Extended Data Fig. 1: Validation of machine-learning surrogates against observations.
From: Substantial cooling effect from aerosol-induced increase in tropical marine cloud cover

Panel (a) June and (b) July. Left subpanels show validations in non-eruption years, demonstrating the very good agreement between machine-learning surrogates and observations, with regression (pink lines) very close to the 1:1 black lines and 80% of the data (black dash circles) around the 1:1 lines. The shading areas indicate the 90% confidence interval for the multi-year regression lines based on individual years. The middle subpanels show results for the eruption year 2008 and the right subpanels show results for the eruption year 2018, highlighting the differences between machine-learning surrogates and observations.
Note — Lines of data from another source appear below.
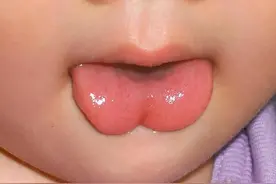 婴儿总是吐舌头，暗示着3大信号，早知道别耽误宝宝发育图片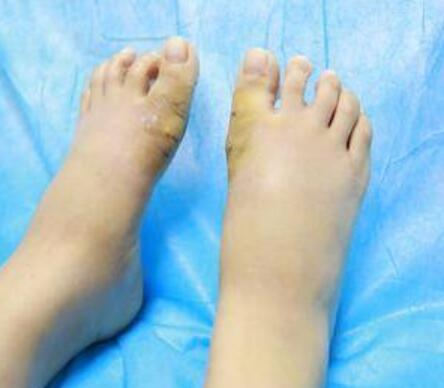 大同和平燒傷骨科醫院整形美容科大腳骨矯正案例分享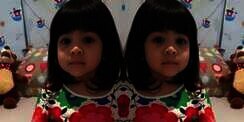 Detik-detik Perjuangan Balita Cantik Ashira Melawan Tumor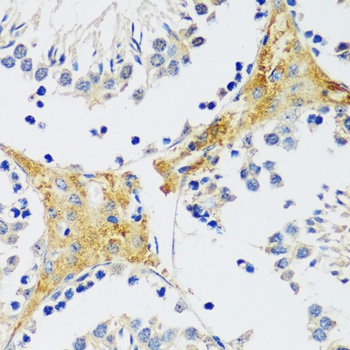 CAMK1 Antibody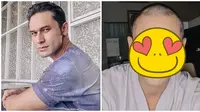 5 Potret Terbaru Indra Bruggman Tampil Botak, Bikin Pangling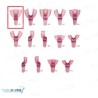Dentray porta impresiones(rosas)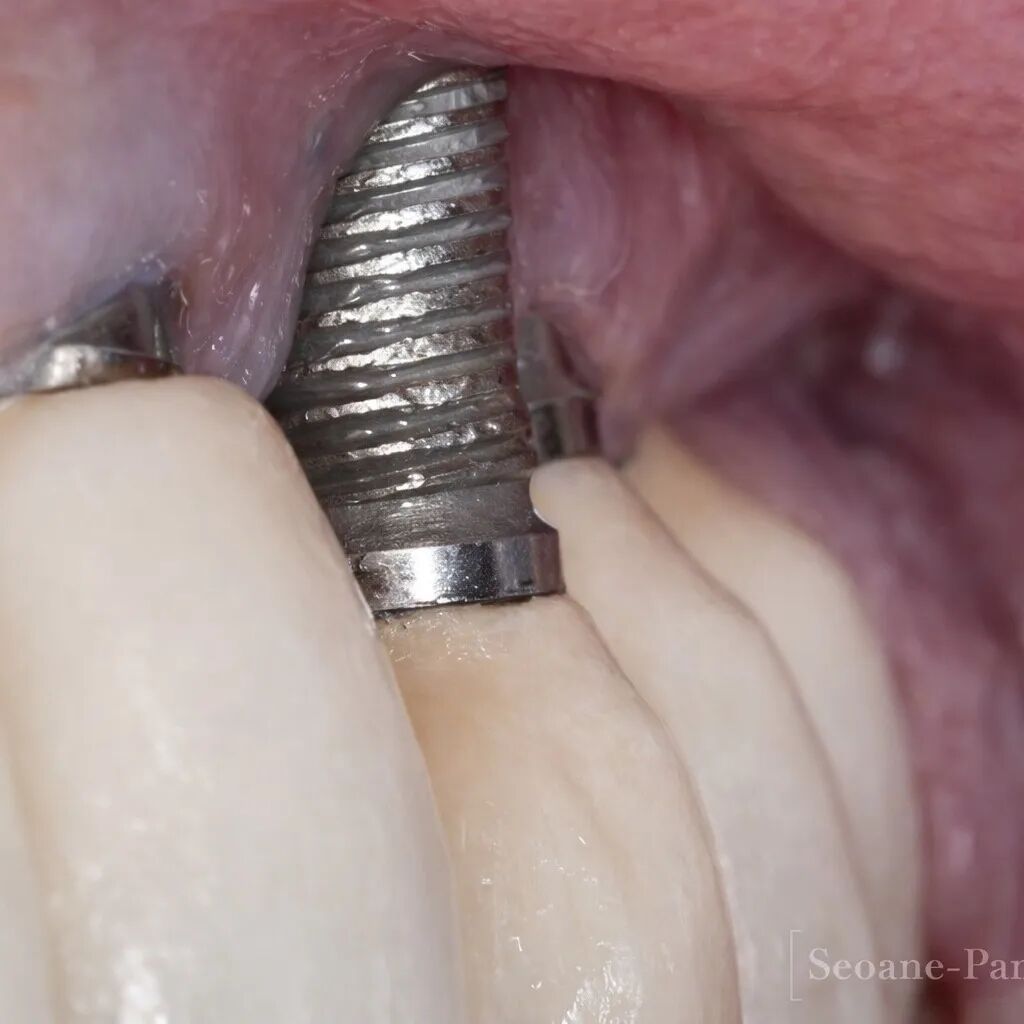 种植体周围炎的药物治疗管理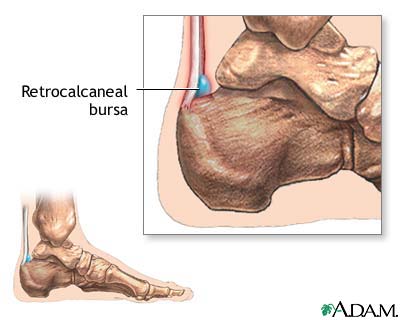 Retrocalcaneal bursitis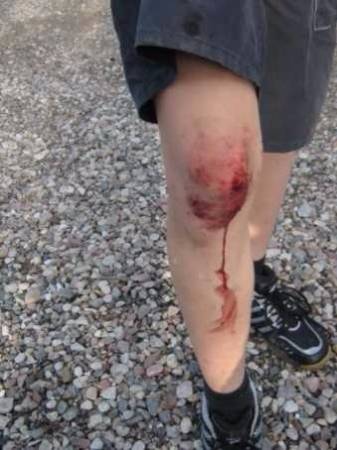 I chociaż czasami bolało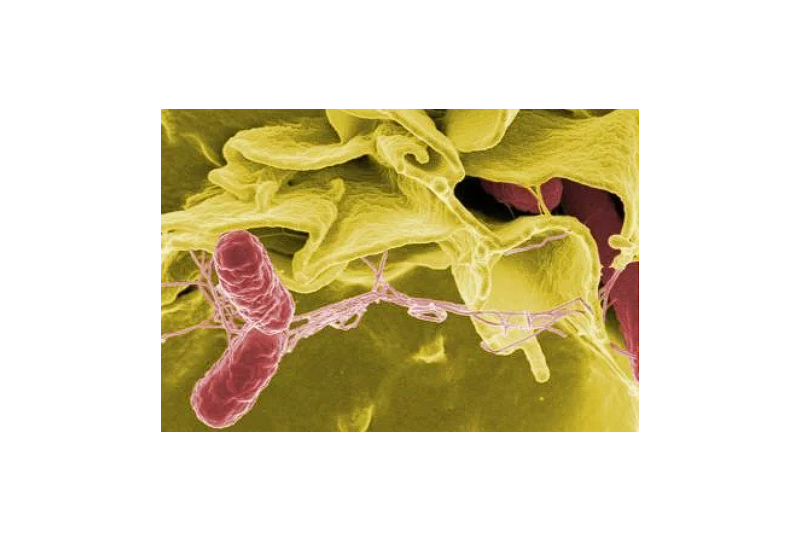 Azoospermia: cauze, diagnostic si optiuni de tratament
The following variables are shown from top to bottom: cloud droplet number concentration (Nd), cloud droplet effective radius (reff), in-cloud liquid water path (LWP), cloud fraction (CF, or cloud cover), reflected shortwave radiation (SW) at the top of the atmosphere (TOA), and daily precipitation (Rain). The colour of each pixel indicates the normalized data density function, brighter colour means more data points in this pixel. A steeper pink slope (than the black dashed line) indicates an increase of the given variable compared to the non-eruption years average. Note that the slopes here can be different from the ratios in Fig. 2, in which area-weighted averaging is applied and provides a more robust validation using Monte Carlo bootstrapping.